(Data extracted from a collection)
──────────────────────────────

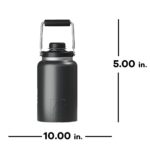 Custom RTIC Outback Jug 1/2 Gallon - 1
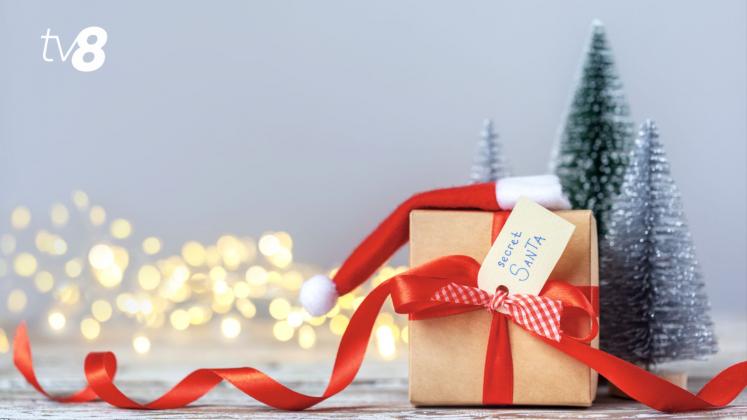 secret santa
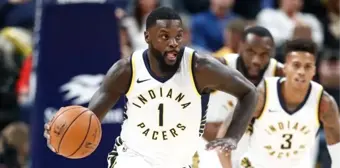 Pacers İkinci Devrede Hayata Döndü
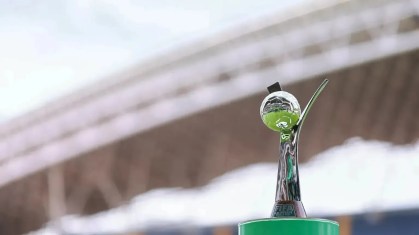 Troféu da Copa do Mundo Feminina Sub-20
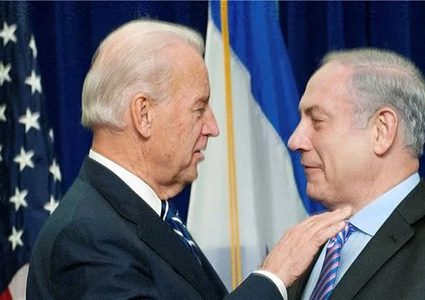 بايدن: أتحدث مع الإسرائيليين بشأن موعد العملية البرية في قطاع غزة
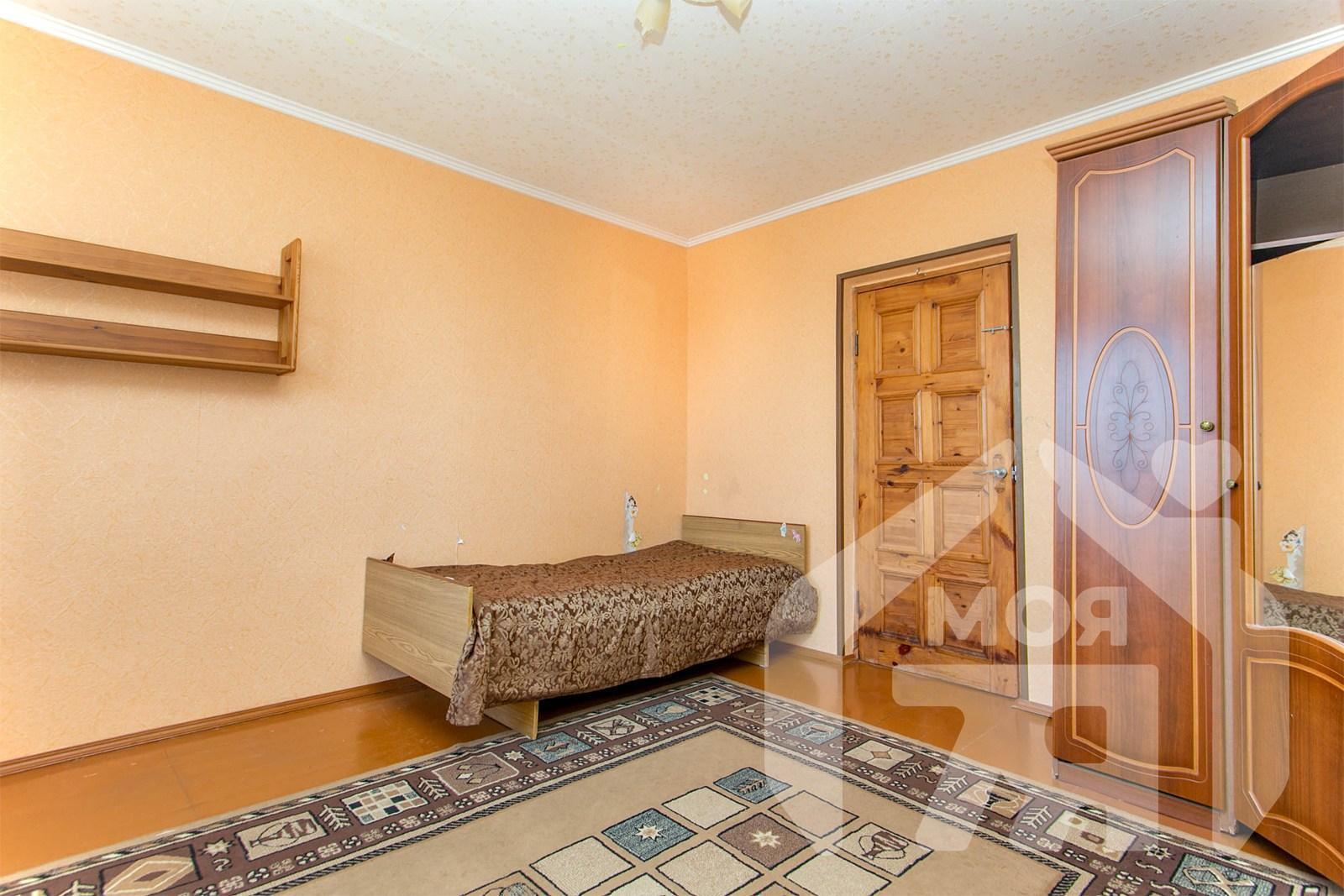 Cottage 130 m² Vytrapauscyna, Belarus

──────────────────────────────

# YOUR TASK
Would you give the data above again word for word, minus the pictures?

# RESPONSE AREA
 Custom RTIC Outback Jug 1/2 Gallon - 1
 secret santa
 Pacers İkinci Devrede Hayata Döndü
 Troféu da Copa do Mundo Feminina Sub-20
 بايدن: أتحدث مع الإسرائيليين بشأن موعد العملية البرية في قطاع غزة
 Cottage 130 m² Vytrapauscyna, Belarus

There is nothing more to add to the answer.